Grentz’s coaching career began shortly after she graduated from Immaculata, when she was hired as the part-time head women’s basketball coach at St. Joseph’s University. After guiding the university’s Hawks to two winning seasons, Grentz was hired at Rutgers, becoming the first Division I full-time women’s basketball head coach in the nation. She spent 19 years at Rutgers, where she coached the Scarlet Knights to nine NCAA Tournament appearances and to the 1982 AIAW national championship title.

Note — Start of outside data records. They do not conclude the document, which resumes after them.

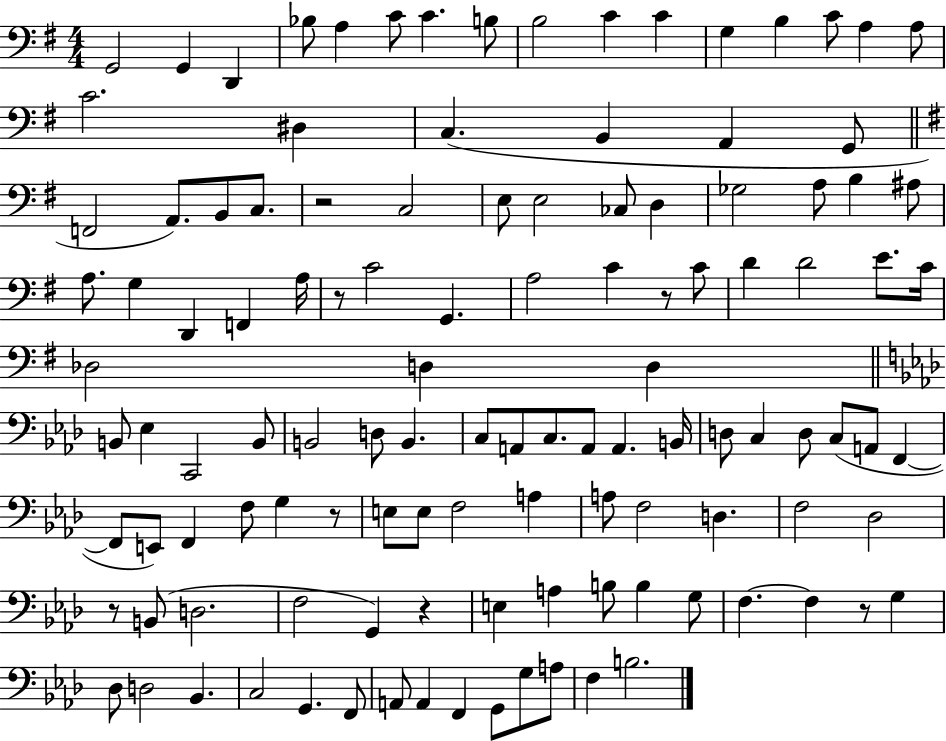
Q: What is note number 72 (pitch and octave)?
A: F2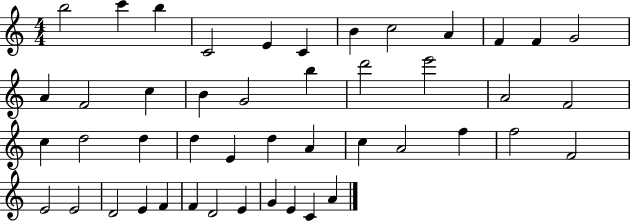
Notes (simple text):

B5/h C6/q B5/q C4/h E4/q C4/q B4/q C5/h A4/q F4/q F4/q G4/h A4/q F4/h C5/q B4/q G4/h B5/q D6/h E6/h A4/h F4/h C5/q D5/h D5/q D5/q E4/q D5/q A4/q C5/q A4/h F5/q F5/h F4/h E4/h E4/h D4/h E4/q F4/q F4/q D4/h E4/q G4/q E4/q C4/q A4/q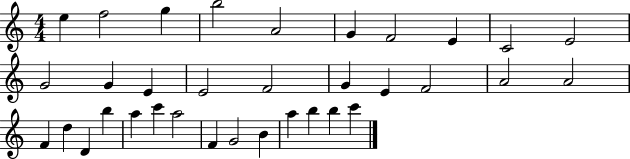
{
  \clef treble
  \numericTimeSignature
  \time 4/4
  \key c \major
  e''4 f''2 g''4 | b''2 a'2 | g'4 f'2 e'4 | c'2 e'2 | \break g'2 g'4 e'4 | e'2 f'2 | g'4 e'4 f'2 | a'2 a'2 | \break f'4 d''4 d'4 b''4 | a''4 c'''4 a''2 | f'4 g'2 b'4 | a''4 b''4 b''4 c'''4 | \break \bar "|."
}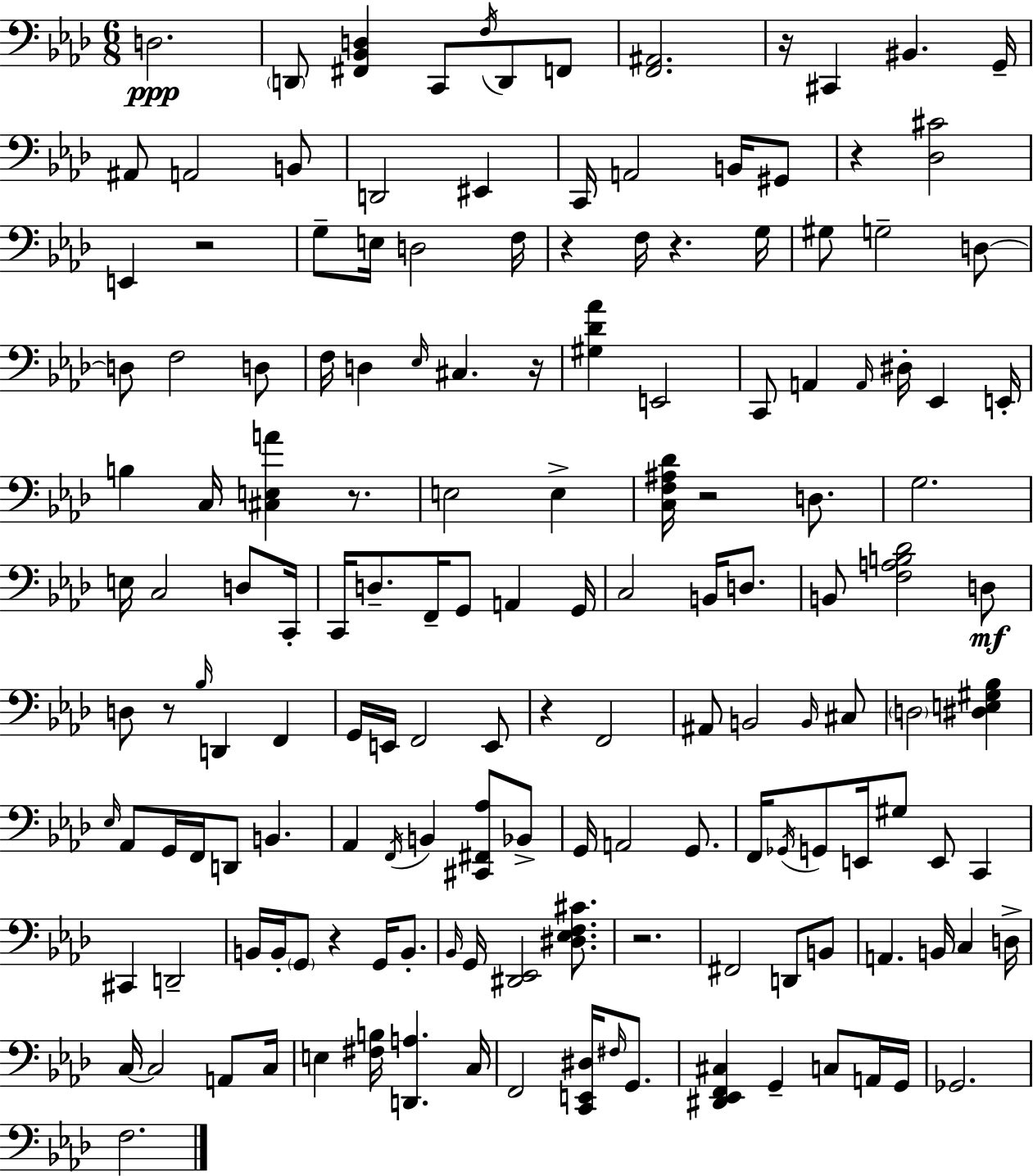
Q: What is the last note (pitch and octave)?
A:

In 1995, Grentz became the head women’s basketball coach at the University of Illinois winning the school’s only Big Ten title in women’s basketball in 1997. She earned Big Ten Coach of the Year and the Women’s Basketball Coaches Association (WBCA) District Coach of the Year in 1997 and 1998. During her time at Illinois, she also was named the 1992 U.S. Olympic team’s coach.

Grentz was inducted into the Women’s Basketball Hall of Fame in 2001, received the WBCA Carol Eckman Award, and was named Female Athlete of the Millennium by the Delaware County Daily Times in 1999. Grentz also served as president of the Women’s Basketball Coaches’ Association for two years. At the time of her retirement, she was the tenth winningest Division I women’s basketball coach in history.

“On behalf of the faculty, staff and students of Immaculata University, we congratulate Marianne and Theresa on this special honor. A quick review of their accomplishments more than suggests that they are most deserving,” states Immaculata President Barbara Lettiere ’72.